Nunca, que sepamos, posó a la manera local, ni tuvo que hacer el cansino alarde de vasquismo con el que tantos creen justificarse no se sabe bien ante quien ni ante que. No es necesario hacer exhibición de lo que se es auténticamente y nos conforma con naturalidad. Tampoco su inteligencia despierta y su cultura clásica lo hubieran permitido.
 
Don Pedro tenía una calle en un pueblo de su provincia, Guipúzcoa, pero el orden nuevo le hacía pintadas en el cartel, llamándole lo de siempre, facha. Así que se cambió el nombre de la calle y arreglado. Cuando se lo cuento, a don Pedro esto le importa poco y nos mira de una forma, desde tan alto, desde tan lejos, que nos sonrojamos un poco. Fue poco amigo de vanidades y actitudes impostadas. Aunque a el no le importa, al paseante de aquél pueblo, que tampoco se llama ya como se llamó durante siglos, le quitan el nombre de la vista y con el nombre tal vez la curiosidad y el preguntarse por la Escuela Romana del Pirineo. Quien sabe.

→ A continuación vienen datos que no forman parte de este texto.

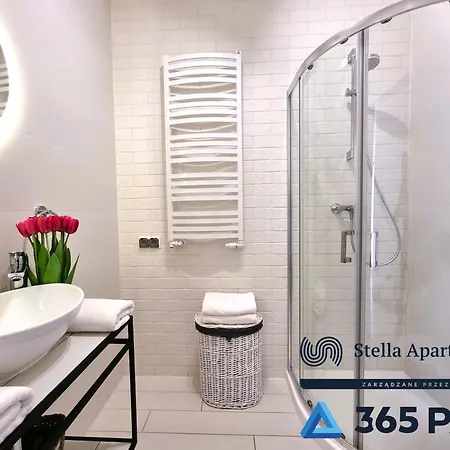 365pam - Azure - Basen Zewnetrzny, Jacuzzi Apartment *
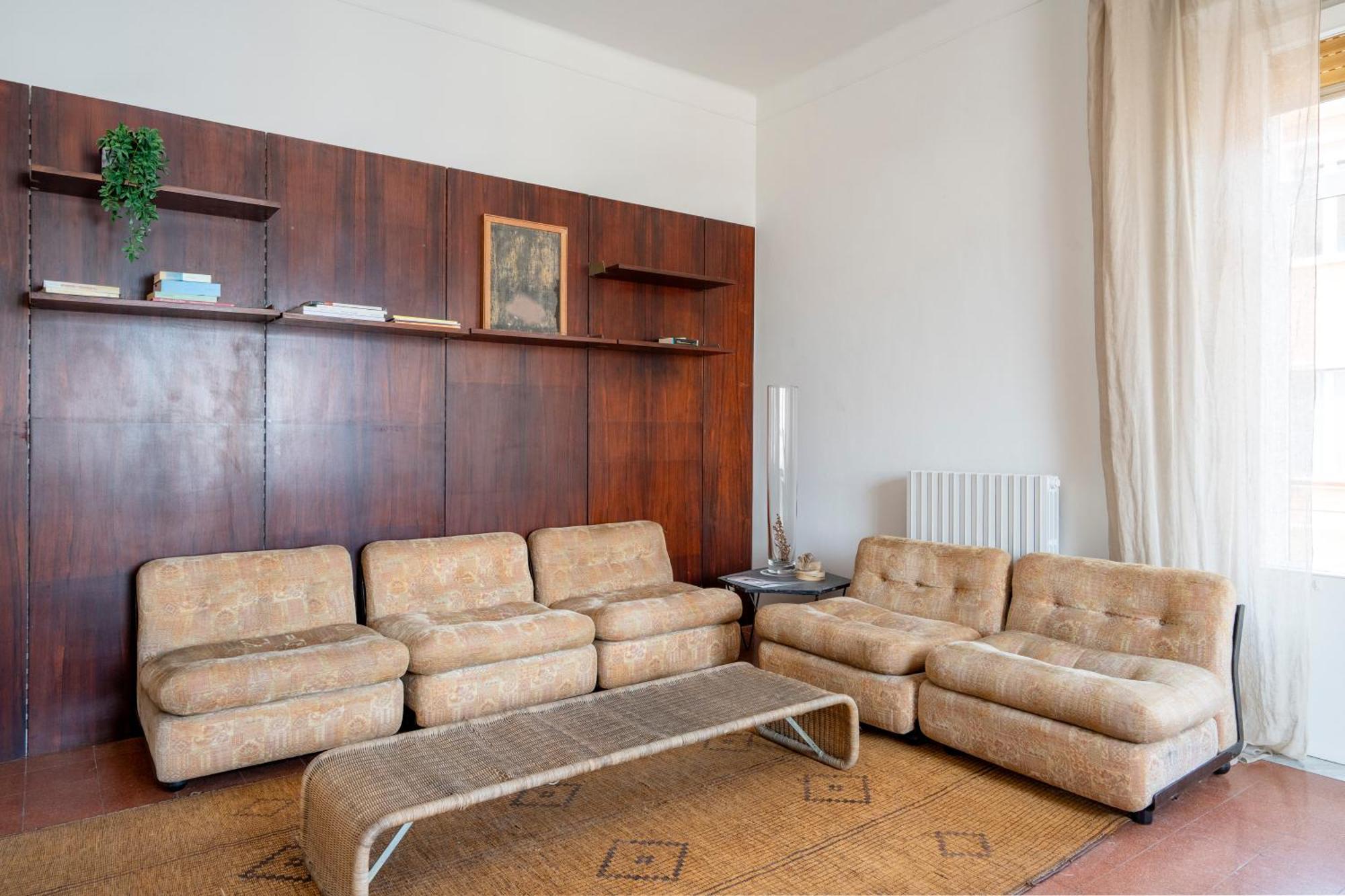 Casa Bonaive, Ampio Trilocale Vista Mare Apartment Bari Luaran gambar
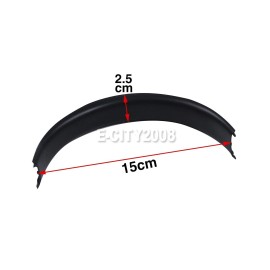For Beats SOLO 2 3 Wireless Headband Head Arch Band Replacement For Beats SOLO 2 SOLO3 Wireless Multicolor - Black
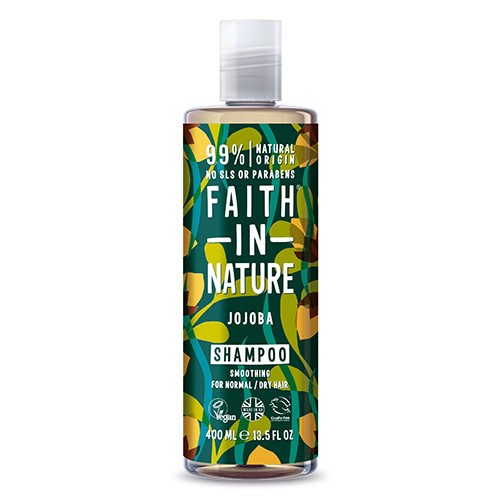 Shampoo Jojoba 400 Faith Nature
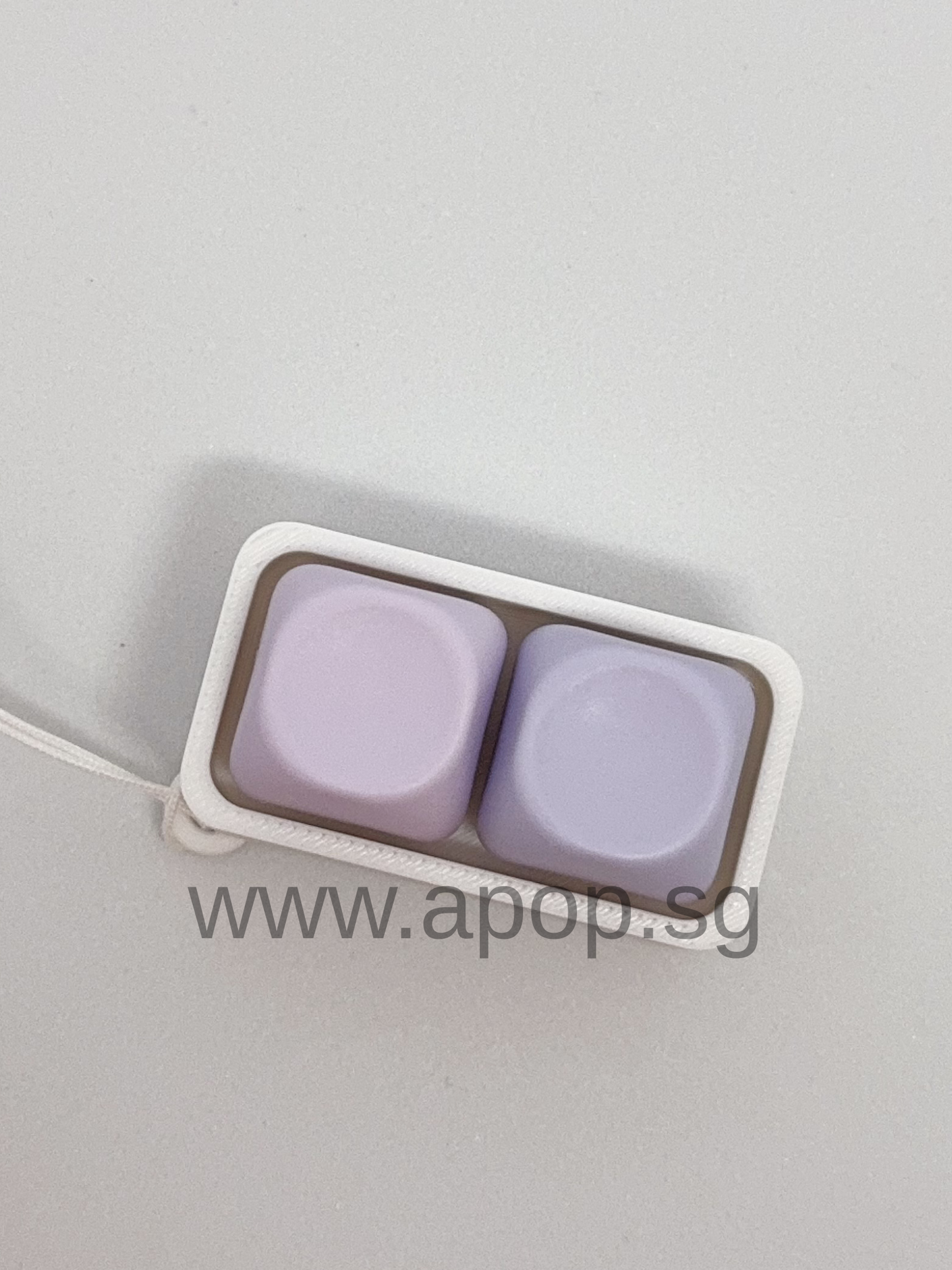Click to Calm (c2c) - 2x1 Clicker (includes shipping within Singapore)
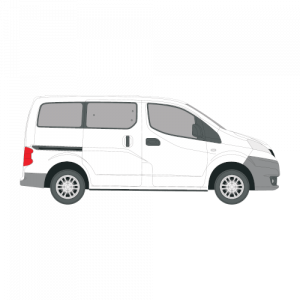 Nissan NV200 (flera modeller)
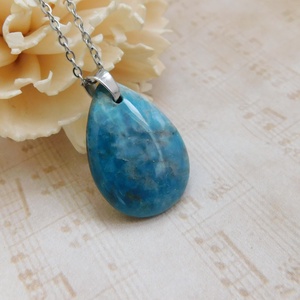 Apatit medál, Ékszer, Nyaklánc, Medál, Ékszerkészítés, MESKA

Y es que hay a toda costa que cegar las fuentes y para ello esconder a Mourlane que nos decía: Osemos remontar las aguas para beber en los manantiales a que deben su origen. Es lo que hace el amor, que reta al tiempo y, con sólo recordar, lo vence. Para vencer a nuestra manera al olvido, a la estrechez de los tiempos y al enemigo malo, dejamos esta nota sobre nuestra primera charla con don Pedro Mourlane. Hemos quedado para otro día.

Para el Heraldo de Nava, Genaro García Mingo.
Valentín de Zubiaurre, nuevamente.



[1] Dionisio Ridruejo, Casi unas memorias, editorial Península, 2017, pag. 480 y siguientes.